In the second slot (i.e., Slot 2), the second CSI-RS may be stored as the second channel matrix h1, instead of the first channel matrix h0, in the single buffer memory 710, and the single buffer memory 710 may transmit the second channel matrix h1 to the filtering circuit 720 before the third slot (i.e., Slot 4). Between the second slot (i.e., Slot 2) and the third slot (i.e., Slot 4), the filtering circuit 720 may generate a second filtering value by multiplying the second channel matrix h1 by a second weight vector, the adder circuit 740 may receive the first filtering value from the prediction buffer 730 and may generate a first summed value by adding the first filtering value to the second filtering value, and the prediction buffer 730 may store the first summed value.

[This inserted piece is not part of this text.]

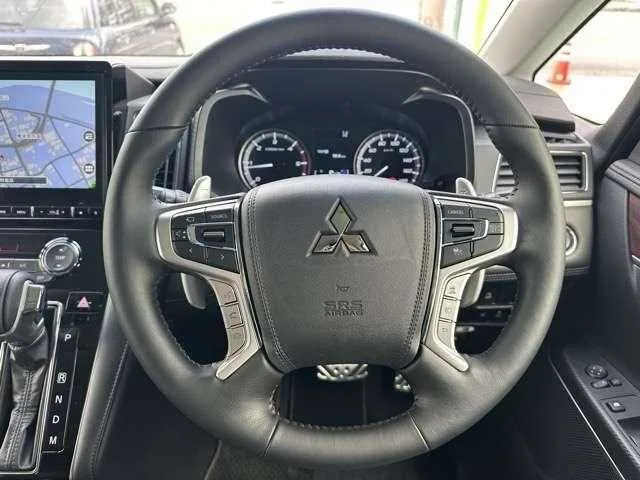 Mitsubishi Delica D:5 2024 — миниатюра 3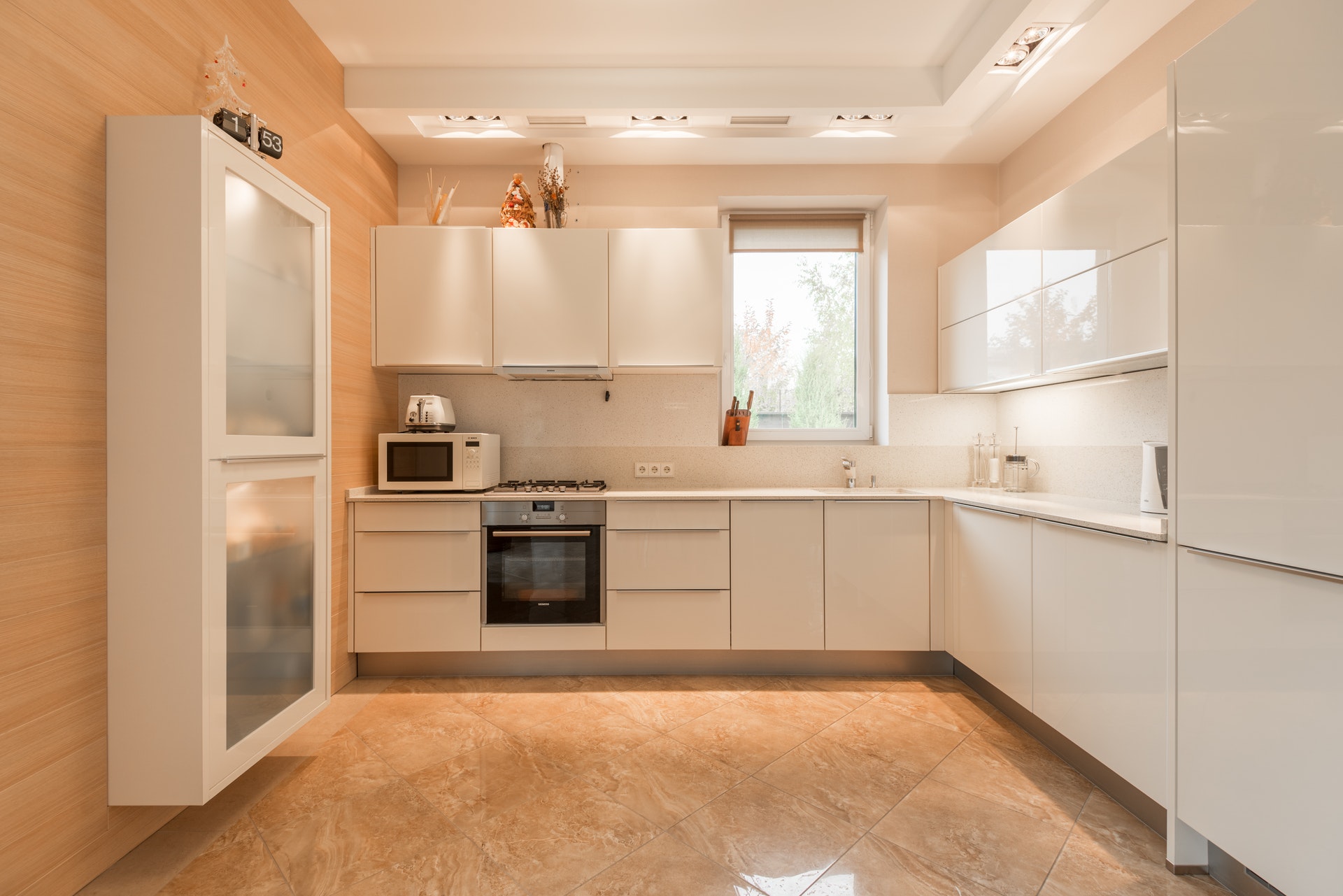 ROLLER BLINDS VS VENETIAN BLINDS?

In the third slot (i.e., Slot 4), the third CSI-RS may be stored as the third channel matrix h2, instead of the second channel matrix h1, in the single buffer memory 710, and the single buffer memory 710 may transmit the third channel matrix h2 to the filtering circuit 720 before the fourth slot (i.e., Slot 6). Between the third slot (i.e., Slot 4) and the fourth slot (i.e., Slot 6), the filtering circuit 720 may generate a third filtering value by multiplying the third channel matrix h2 by a third weight vector, the adder circuit 740 may receive the first summed value from the prediction buffer 730 and may generate a second summed value by adding the first summed value to the third filtering value, and the prediction buffer 730 may store the second summed value.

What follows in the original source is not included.